Now for the cake. First, grease and flour two 9-inch cake pans. Then take parchment paper, draw circles the size of the bottom of the pan with a pencil, cut them out, and press them onto the greased bottoms of the pans. Then grease and flour the tops of THOSE.
Sift the flour, soda, and salt together, beat the butter until creamy, add the sugar to the butter and beat until light and almost white, and add the egg yolks to that mix one at a time. Beat in the vanilla, and finally add the flour mix in several additions alternating with splashes of the buttermilk. Take the egg whites and beat them with an electric mixer until they're at the stiff-peak stage (that's important!). Stir the whites into the mix one third at a time. And pour the mix into the pans to bake. (They'll be pretty full. It's okay.) Bake them about 35 minutes at 350º F, but it might be sloshy, so keep checking it with a toothpick or a knife and putting it back in for 5 minutes. They'll rise pretty high and big.
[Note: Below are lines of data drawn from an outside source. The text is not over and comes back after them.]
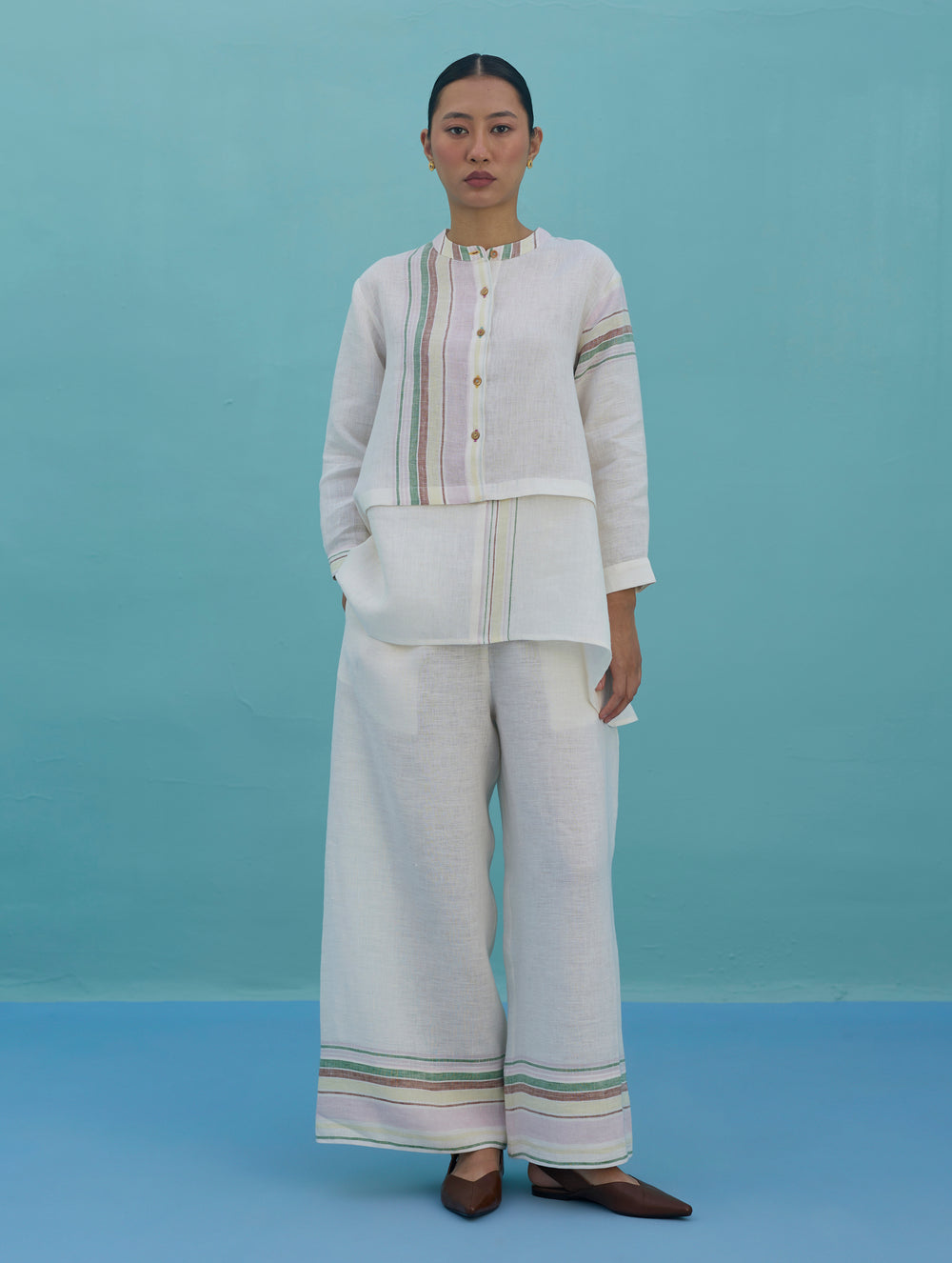 Amaya Border Linen Top - Ivory
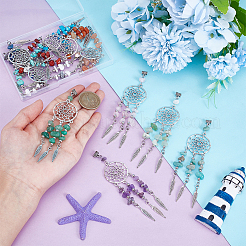 12Pcs 12 Styles Woven Net/Web with Feather Alloy and Natural & Synthetic Gemstone Chips Pendant Decorations&nbsp;PALLOY-PH01733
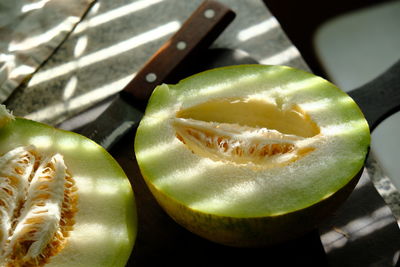 High angle view of fruits on table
Let them cool in the pans after they're finally done. Then loosen them onto wire racks and peel off the paper. Leave them to cool completely before icing--it will take three hours, so make sure you've left lots of time for this recipe.
So, for frosting, beat the butter, sugar, vanilla, milk, and salt until moist. Use an electric mixer to make it creamy if desired. Then put your cake's bottom layer top side DOWN on a dollop of frosting on a plate (to anchor it), frost the top, and then put the top layer on top side up, and cover the whole mess with frosting! (The recipe makes just enough to cover it liberally.) Then apply snowflakes all over! It's recommended you chill it for at least an hour (chill it for the first thirty minutes uncovered so the icing doesn't muss when you do cover it) and then cut it with a knife dipped in hot water before serving.